Pflegebudget 2025: Wenn Professionalisierung Inklusion verhindert
Die Reform setzt klare Grenzen: Ab 2025 dürfen Krankenhäuser Sitzwachen nur noch refinanzieren, wenn sie von formal qualifizierten Pflegekräften übernommen werden.
Das schließt all jene aus, die bisher als einfache 1:1-Betreuung wertvolle Arbeit geleistet haben – darunter auch viele Menschen mit Beeinträchtigung, Ehrenamtliche oder Quereinsteiger:innen.
Aktuell arbeiten deutschlandweit tausende Helfer:innen ohne formale Pflegeausbildung in der 1:1 Betreuung. Laut Bundesagentur für Arbeit sind fast 80 % der arbeitslosen Pflegehilfskräfte (ca. 43.000 von rund 56.000) ohne Berufsabschluss aktiv auf Arbeitssuche. Das zeigt: Viele potenzielle Unterstützende haben keine formale Qualifikation – und drohen künftig aus finanziellen Gründen aus dem Klinikalltag ausgeschlossen zu werden.
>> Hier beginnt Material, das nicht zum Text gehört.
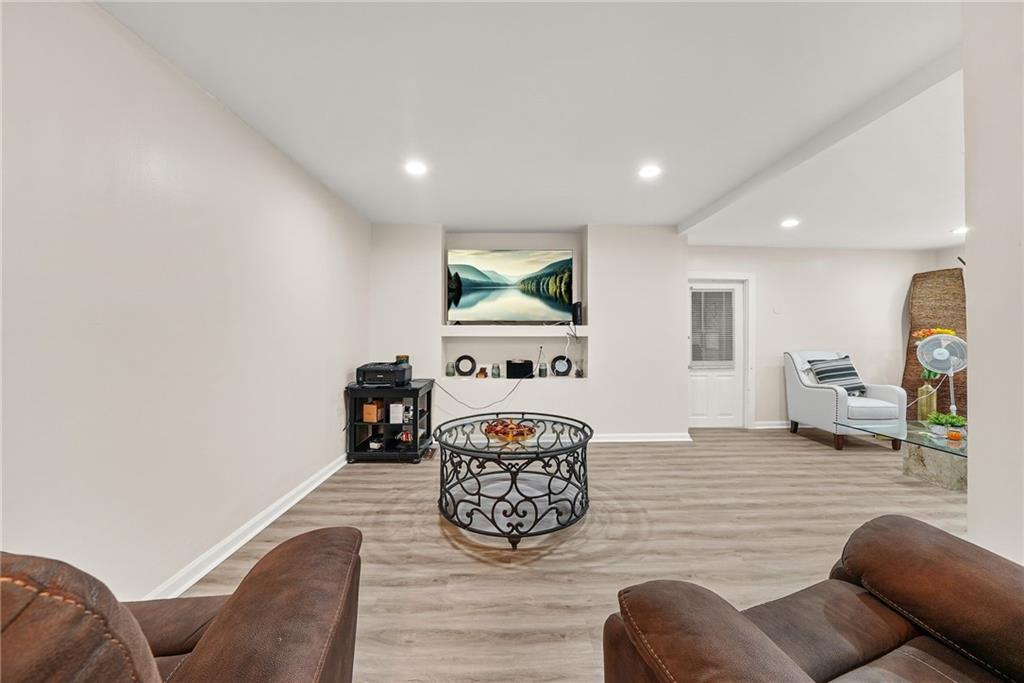 7445 Talbot Colony Northeast Atlanta, GA 30328 - Photo 17 of 41 a living room with furniture and a flat screen tv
Für mich persönlich heißt das:
Mein Forschungskonzept – Purpose Pulse People (PPP) – sah vor, Menschen mit Behinderung einschließlich geringqualifizierter Betreuer:innen als Sitzwachen einzubinden. Ein inklusives Modell, das Teilhabe und Pflegeentlastung verbinden konnte, wird durch die neue Regelung faktisch unmöglich. Kliniken verlieren damit nicht nur Personalressourcen, sondern Inklusion als gelebte Praxis wird ausgebremst.
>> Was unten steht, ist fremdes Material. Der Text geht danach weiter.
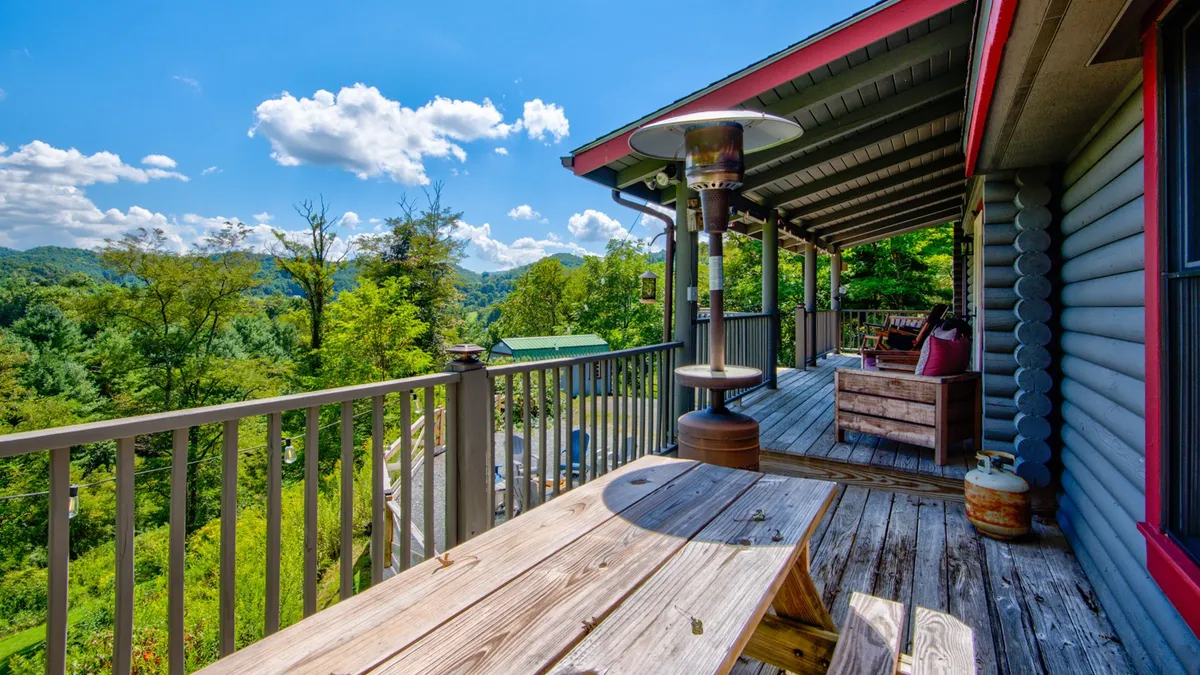This image showcases an expansive deck set against a backdrop of lush trees and distant mountain views. The deck features outdoor seating and an outdoor heater, inviting guests to relax while taking in the panoramic scenery. The space is ideal for unwinding after adventures, sharing meals, or stargazing at night.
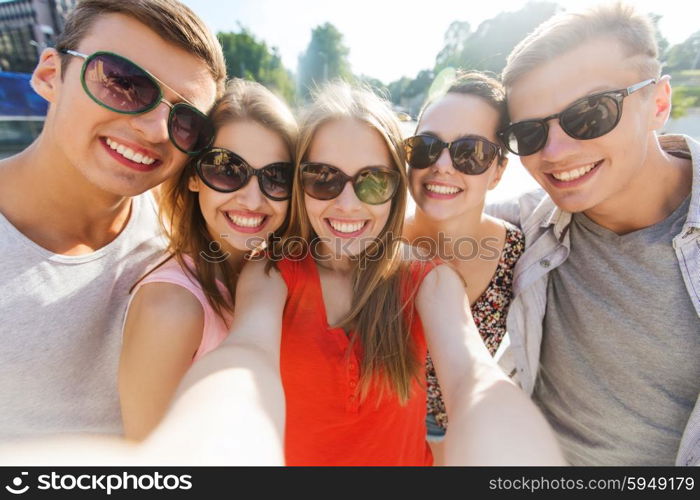 tourism, travel, people, leisure and technology concept - group of smiling teenage friends taking selfie outdoors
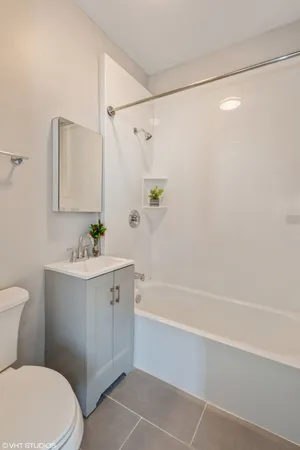 a city street lined with buildings and cars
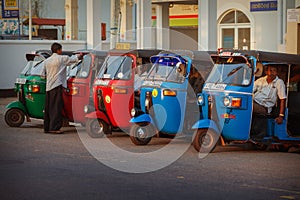 Taxi tuk-tuk with drivers drivers waiting for passengers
Diese Reform ist zwar aus guter Absicht entstanden – nämlich Qualität und Sicherheit durch höhere Professionalisierung zu gewährleisten –, aber sie überträgt eine ungewohnte Belastung auf Krankenhäuser: Bereits heute fehlen laut DKI-Studie in etwa 94 % der Kliniken Stellen in der Akut-pflege – und Sitzwachen-kräfte ohne formale Ausbildung wurden hier oft zur Lücken-Stopfung eingesetzt. Wenn solche Personen künftig nicht refinanzierbar sind, bleiben Einsatzlücken, die schwierig zu schließen sind.
Inklusion bleibt auf der Strecke.
Die Konsequenz: PPP, so wie ich es erforschen wollte, ist in dieser Form derzeit rechtlich und finanziell nicht umsetzbar. Menschen mit Beeinträchtigung verlieren eine sinnvolle Teilhabe-Möglichkeit – genau dort, wo sie zur Pflege beitragen könnten.
Aber: Das bedeutet nicht das Ende der Idee. Statt aufzugeben, brauchen wir jetzt kreative neue Wege:
Mehr Chancen durch modulare Qualifizierungen (z. B. Pflegehelfer*innen-Module), die auch Menschen mit Behinderung absolvieren können
Alternativen zum Pflegebudget: Finanzierung über Ausgleichsabgabe, Stiftungsmodelle oder Kooperation mit Integrationsämtern
Einsatzmöglichkeiten in Bereichen außerhalb der Sitzwache: z. B. psychosoziale Begleitung, Mobilisierungsassistenz, Hospizbetreuung
Die Reform ersetzt nicht den Willen zur Inklusion – sie fordert neue Wege. Ziel muss sein: Eine inklusive Arbeitswelt, in der auch Menschen ohne klassische Pflegeausbildung sichtbar und wertvoll sind.
Gerade jetzt wird deutlich: Forschung und Praxis müssen weitergehen. Wer die Inklusion ernst nimmt, findet neue Schlüssel – auch ohne direkten Zugang zum Pflegebudget. Denn Inklusion ist kein Extra – sie ist längst systemrelevante Realität, die wir gestalten können.